The NFU is urging landlords to keep rent increases at realistic levels following a challenging harvest which has seen yields down as much as 15 per cent.

It comes after the NFU heard from many of its members describing how landlords were looking to increase their rents significantly following this autumn’s review. The NFU believes this could have a devastating impact on their businesses and could force them out of the industry.

NFU Vice President Adam Quinney said: “After the results of our harvest survey which revealed that the wheat harvest was down by nearly 15 per cent as a result of the wet summer, it is more important than ever that landlords’ agents are realistic about what rent increases they are trying to achieve.

“Yields are down considerably and the quality has been badly affected by all the rain. This is then having an effect on the price achieved.”

David King, NFU tenants’ national spokesperson, said: “Harvest costs will have been higher than they have been in many years and the costs being incurred now by farmers to re-drill land are also higher due to time taken and delays due to the continuing wet weather. The livestock sector will be facing far higher feed costs and it has been very clear to everyone the pressure experienced by dairy farmers with the farm-gate milk prices.

“Therefore it is not realistic to be seeking the same rent increases from tenants that have been put forward in open market rent tenders by owner occupiers.
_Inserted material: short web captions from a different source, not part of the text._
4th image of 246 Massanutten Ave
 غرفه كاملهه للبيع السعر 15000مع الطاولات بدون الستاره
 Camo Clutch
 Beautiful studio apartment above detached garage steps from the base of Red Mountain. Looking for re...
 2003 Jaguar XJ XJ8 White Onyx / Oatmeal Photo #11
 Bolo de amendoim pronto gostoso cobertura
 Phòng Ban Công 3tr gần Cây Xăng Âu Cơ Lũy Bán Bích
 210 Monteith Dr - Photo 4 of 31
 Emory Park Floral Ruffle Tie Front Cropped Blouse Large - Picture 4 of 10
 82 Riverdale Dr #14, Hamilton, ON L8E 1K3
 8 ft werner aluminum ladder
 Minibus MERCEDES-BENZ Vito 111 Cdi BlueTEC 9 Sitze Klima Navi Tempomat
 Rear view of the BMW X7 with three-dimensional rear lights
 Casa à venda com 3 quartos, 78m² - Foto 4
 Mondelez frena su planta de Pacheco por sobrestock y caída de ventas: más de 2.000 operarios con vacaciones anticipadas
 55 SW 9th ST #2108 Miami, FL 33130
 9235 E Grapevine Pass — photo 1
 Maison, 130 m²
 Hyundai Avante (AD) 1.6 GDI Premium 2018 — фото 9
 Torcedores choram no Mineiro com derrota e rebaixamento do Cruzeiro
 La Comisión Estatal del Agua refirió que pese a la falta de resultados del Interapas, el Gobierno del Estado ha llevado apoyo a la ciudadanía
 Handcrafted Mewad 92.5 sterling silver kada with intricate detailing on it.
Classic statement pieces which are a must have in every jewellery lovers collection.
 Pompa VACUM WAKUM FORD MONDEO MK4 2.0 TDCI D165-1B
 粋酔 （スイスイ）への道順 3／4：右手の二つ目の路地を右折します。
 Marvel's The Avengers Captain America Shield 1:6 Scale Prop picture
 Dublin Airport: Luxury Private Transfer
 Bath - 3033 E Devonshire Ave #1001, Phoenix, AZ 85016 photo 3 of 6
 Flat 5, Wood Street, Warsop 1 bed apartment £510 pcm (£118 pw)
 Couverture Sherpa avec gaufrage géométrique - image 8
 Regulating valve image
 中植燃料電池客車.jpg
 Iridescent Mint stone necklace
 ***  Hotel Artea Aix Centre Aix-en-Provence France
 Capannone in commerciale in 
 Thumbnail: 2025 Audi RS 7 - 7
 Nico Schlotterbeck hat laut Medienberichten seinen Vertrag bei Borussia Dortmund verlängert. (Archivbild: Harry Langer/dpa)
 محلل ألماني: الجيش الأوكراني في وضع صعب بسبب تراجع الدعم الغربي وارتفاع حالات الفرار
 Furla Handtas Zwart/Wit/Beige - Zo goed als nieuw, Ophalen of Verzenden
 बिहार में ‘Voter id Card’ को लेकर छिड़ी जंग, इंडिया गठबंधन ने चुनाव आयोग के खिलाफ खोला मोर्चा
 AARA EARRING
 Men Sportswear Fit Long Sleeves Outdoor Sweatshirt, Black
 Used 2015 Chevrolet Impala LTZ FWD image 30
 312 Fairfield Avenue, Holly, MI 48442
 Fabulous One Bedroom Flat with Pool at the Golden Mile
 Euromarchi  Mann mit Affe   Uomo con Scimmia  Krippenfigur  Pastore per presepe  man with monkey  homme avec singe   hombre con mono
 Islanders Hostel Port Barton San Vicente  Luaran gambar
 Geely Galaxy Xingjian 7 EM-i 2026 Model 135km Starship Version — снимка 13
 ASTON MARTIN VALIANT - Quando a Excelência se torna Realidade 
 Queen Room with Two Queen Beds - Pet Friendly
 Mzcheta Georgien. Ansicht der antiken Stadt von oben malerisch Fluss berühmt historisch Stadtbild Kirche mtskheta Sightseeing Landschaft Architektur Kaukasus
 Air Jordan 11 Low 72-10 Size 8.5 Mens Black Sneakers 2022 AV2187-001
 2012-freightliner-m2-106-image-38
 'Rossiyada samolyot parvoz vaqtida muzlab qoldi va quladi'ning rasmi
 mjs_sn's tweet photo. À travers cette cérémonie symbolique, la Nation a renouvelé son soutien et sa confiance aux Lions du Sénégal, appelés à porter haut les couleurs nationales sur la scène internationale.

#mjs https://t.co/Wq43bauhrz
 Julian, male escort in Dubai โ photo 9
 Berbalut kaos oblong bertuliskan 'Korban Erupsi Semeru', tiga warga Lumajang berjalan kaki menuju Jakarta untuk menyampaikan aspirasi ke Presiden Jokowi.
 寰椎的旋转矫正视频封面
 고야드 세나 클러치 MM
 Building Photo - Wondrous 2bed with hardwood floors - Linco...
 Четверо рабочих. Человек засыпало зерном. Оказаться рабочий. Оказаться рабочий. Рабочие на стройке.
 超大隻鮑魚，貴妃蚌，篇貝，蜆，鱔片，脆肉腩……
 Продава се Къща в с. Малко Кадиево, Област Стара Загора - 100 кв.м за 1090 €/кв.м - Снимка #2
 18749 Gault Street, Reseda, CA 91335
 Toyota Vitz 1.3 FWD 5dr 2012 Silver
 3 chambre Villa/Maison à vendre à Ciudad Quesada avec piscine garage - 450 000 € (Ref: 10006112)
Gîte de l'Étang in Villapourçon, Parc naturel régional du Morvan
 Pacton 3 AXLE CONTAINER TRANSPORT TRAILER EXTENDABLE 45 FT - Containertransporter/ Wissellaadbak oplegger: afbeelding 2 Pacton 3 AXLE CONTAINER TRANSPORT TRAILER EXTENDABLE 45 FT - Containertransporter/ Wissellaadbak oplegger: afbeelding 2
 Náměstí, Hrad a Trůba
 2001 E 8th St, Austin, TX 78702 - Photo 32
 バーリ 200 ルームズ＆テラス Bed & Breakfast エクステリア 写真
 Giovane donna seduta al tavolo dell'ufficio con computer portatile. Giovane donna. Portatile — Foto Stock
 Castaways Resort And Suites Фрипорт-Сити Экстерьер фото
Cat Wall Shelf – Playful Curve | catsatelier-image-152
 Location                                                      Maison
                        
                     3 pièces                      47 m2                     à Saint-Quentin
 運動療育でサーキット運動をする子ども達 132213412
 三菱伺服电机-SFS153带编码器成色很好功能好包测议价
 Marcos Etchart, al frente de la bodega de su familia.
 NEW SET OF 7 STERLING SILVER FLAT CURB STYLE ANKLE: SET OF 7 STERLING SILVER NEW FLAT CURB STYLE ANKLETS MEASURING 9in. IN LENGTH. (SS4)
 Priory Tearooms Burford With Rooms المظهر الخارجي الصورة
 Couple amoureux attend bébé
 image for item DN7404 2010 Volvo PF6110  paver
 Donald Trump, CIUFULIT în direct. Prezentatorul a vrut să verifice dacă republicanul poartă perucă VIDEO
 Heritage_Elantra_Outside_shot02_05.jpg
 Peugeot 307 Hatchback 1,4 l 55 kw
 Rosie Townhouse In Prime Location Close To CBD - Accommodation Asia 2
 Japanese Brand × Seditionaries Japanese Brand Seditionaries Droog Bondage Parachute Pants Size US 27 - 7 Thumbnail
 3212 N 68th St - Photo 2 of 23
They are looking to spread their fixed costs over additional land and not totally focussed on its profitability.”

Feedback from NFU members - tenants on core holdings who take other blocks of land on FBT arrangements – suggests that these increases are unsustainable and unrealistic, and that they could be forced to quit the industry as a result.

The NFU is therefore urging landlords to support their tenants and to have regard for individual tenants’ circumstances and the differences in land holdings on estates.

“Farmers want to invest in improving land and facilities on-farm and the over-high rents being sought will not allow this to happen. If there is no investment in improvements, landlords and tenants will both lose out in the long run,” added Mr Quinney.